I have an IMac 27" bought in 2011; 2.7 GHz Intel Core i5; 4GB 1333 MHz DDR3; Storage Apps 56.55 gb; other 14.23 gb;photos 2.57 gb; movies 2.57gb and audio 852.8 mb.

918.62 gb free of 999.35 gb.

I have had a spinning wheel and have use every suggested way to rid it. What can I do?

MacBook, Mac OS X (10.7)

Posted on Sep 21, 2015 8:44 AM

Reply
5 replies

Sep 21, 2015 9:31 AM in response to lroman1

Hi! What exactly have you tried?

Try Safe Boot:

- Shut down your Mac

- Wait until your computer turns off and after that press the Power button

- Right after you hear the startup tone, press and hold the Shift key

- Release the Shift key when you see a grey Apple sign and the progress bar below this sign

- After your Mac boots up, restart it as you usually do.

If this doesn't help, follow the instructions below:

- Shut down your Mac

- Wait until your computer turns off and after that press the Power button

- Right after you hear the startup tone, press and hold the Shift key

- Release the Shift key when you see a grey Apple sign and the progress bar below this sign

- Once you see Desktop, start a Disk Utility scan to detect and repair file system errors (don't forget to choose your main hard drive)

- Click on Verify Disk and then, if asked to fix problems, on Repair Disk

- After this, click on Verify Disk Permissions and then on Repair Disk Permissions

- After the process is finished, shut down your Mac and turn it back on after about 30 seconds

Apart from that, take a look at this Apple article and follow the instructions on Resetting NVRAM shown there: How to Reset NVRAM on your Mac - Apple Support

Try resetting the System Management Controller: https://support.apple.com/en-us/HT201295


Hope this helps!

Sep 21, 2015 10:02 AM in response to lroman1

When you see a beachball cursor or the slowness is especially bad, note the exact time: hour, minute, second.

These instructions must be carried out as an administrator.
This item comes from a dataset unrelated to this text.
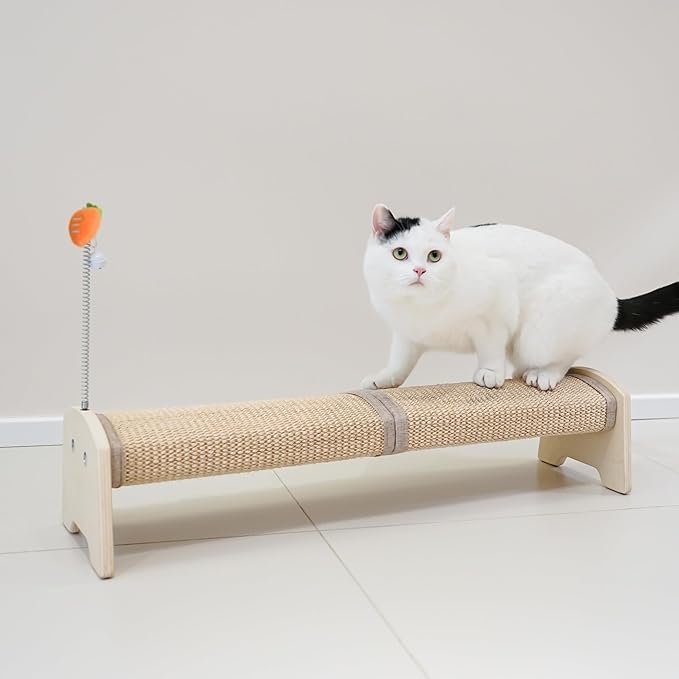 PETKARAY Horizontal Scratching Post, 30" Sisal Cat Scratch Pad, Large Floor Mounted Cat Scratcher with Spring Toy, Protect Furniture for Indoor Kitten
If you have only one user account, you are the administrator.

Launch the Console application in any of the following ways:

☞ Enter the first few letters of its name into a Spotlight search. Select it in the results (it should be at the top.)

☞ In the Finder, select Go Utilities from the menu bar, or press the key combination shift-command-U. The application is in the folder that opens.

☞ Open LaunchPad and start typing the name.

The title of the Console window should be All Messages. If it isn't, select

SYSTEM LOG QUERIES All Messages

from the log list on the left. If you don't see that list, select

View Show Log List

from the menu bar at the top of the screen.

Each message in the log begins with the date and time when it was entered. Scroll back to the time you noted above.

Select the messages entered from then until the end of the episode, or until they start to repeat, whichever comes first.

Copy the messages to the Clipboard by pressing the key combination command-C. Paste into a reply to this message by pressing command-V.

The log contains a vast amount of information, almost all of it useless for solving any particular problem. When posting a log extract, be selective. A few dozen lines are almost always more than enough.

Please don't indiscriminately dump thousands of lines from the log into this discussion.

Please don't post screenshots of log messages—post the text.

Some private information, such as your name, may appear in the log. Anonymize before posting.

When you post the log extract, you might see an error message on the web page: "You have included content in your post that is not permitted," or "The message contains invalid characters." That's a bug in the forum software. Please post the text on Pastebin, then post a link here to the page you created.